Total Internal Reflection

Total internal reflection occurs when light is passing through a medium (e.g. glass, water or plastic) with a higher index of refraction than the index of refraction of the medium (e.g. air) outside this material. For certain angles of incidence for light striking the boundary between the two and going from medium 1 to medium 2, light will not pass through the boundary but will be totally reflected inside medium 2. This occurs primarily when the light strikes at a shallow angle on the boundary. For a thin material of medium 2, like a fibre, these angles will always be small, and the majority of the light will stay inside the fibre.
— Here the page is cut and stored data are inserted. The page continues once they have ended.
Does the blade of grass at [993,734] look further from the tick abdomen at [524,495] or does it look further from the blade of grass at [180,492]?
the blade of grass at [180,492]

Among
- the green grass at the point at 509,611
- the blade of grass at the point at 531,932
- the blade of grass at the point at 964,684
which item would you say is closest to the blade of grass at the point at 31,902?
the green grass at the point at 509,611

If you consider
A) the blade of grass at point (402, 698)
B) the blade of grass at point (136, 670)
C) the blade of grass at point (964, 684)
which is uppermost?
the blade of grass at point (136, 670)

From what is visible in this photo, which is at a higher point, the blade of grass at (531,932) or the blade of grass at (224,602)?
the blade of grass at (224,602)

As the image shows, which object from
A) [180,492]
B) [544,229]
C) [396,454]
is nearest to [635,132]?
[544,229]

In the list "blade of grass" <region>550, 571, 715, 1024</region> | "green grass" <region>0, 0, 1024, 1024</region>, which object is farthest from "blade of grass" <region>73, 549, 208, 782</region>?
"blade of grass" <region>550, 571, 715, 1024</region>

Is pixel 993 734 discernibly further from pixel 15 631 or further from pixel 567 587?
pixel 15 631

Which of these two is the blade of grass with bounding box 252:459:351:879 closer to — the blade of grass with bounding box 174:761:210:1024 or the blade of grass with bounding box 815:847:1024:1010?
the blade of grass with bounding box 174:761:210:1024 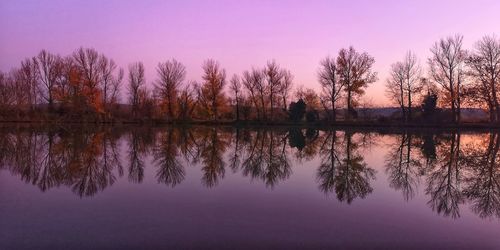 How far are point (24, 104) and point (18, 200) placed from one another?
52057mm

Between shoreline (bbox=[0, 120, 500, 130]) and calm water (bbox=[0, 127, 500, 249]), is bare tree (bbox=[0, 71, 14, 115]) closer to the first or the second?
shoreline (bbox=[0, 120, 500, 130])

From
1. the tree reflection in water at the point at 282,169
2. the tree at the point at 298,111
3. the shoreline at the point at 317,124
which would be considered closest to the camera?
the tree reflection in water at the point at 282,169

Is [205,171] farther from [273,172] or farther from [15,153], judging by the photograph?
[15,153]

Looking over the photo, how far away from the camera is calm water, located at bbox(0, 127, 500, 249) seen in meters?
5.60

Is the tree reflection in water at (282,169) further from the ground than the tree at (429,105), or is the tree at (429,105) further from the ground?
the tree at (429,105)

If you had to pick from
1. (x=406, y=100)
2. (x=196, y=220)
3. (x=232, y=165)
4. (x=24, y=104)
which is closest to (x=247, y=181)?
(x=232, y=165)

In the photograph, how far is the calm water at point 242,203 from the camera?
5602mm

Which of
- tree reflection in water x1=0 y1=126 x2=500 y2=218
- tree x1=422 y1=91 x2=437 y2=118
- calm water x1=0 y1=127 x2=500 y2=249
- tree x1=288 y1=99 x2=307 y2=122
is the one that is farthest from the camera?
tree x1=288 y1=99 x2=307 y2=122

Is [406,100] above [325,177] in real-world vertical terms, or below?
above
Though widely known, the principal was demonstrated in 1870 by John Tyndall when he shone a light at a spout of water as it gushed out of a tank. The water fell in an arc and the light also traced the arc. The invention of modern fibre optics is credited to Narinder Kapany in 1955 during his time at Imperial College, London. During the 1960's early fibre optics were developed as a means of transmitting messages as an alternative to electrical wires and by 1970, the Corning Company in America produced the first practical fibre optic cable. It could transmit light about a third of a mile before most of the light was absorbed.
Optical fibre can reflect light of all wavelengths. Short wavelength light can carry the most information but longer wavelength light is affected by Raleigh scattering within the fibre.
Reflecting road studs also use total internal reflection to bounce back light towards incoming cars. Many road signs shine brightly in car headlights as they are covered in tiny transparent beads. The beads reflect light back into the direction that it came.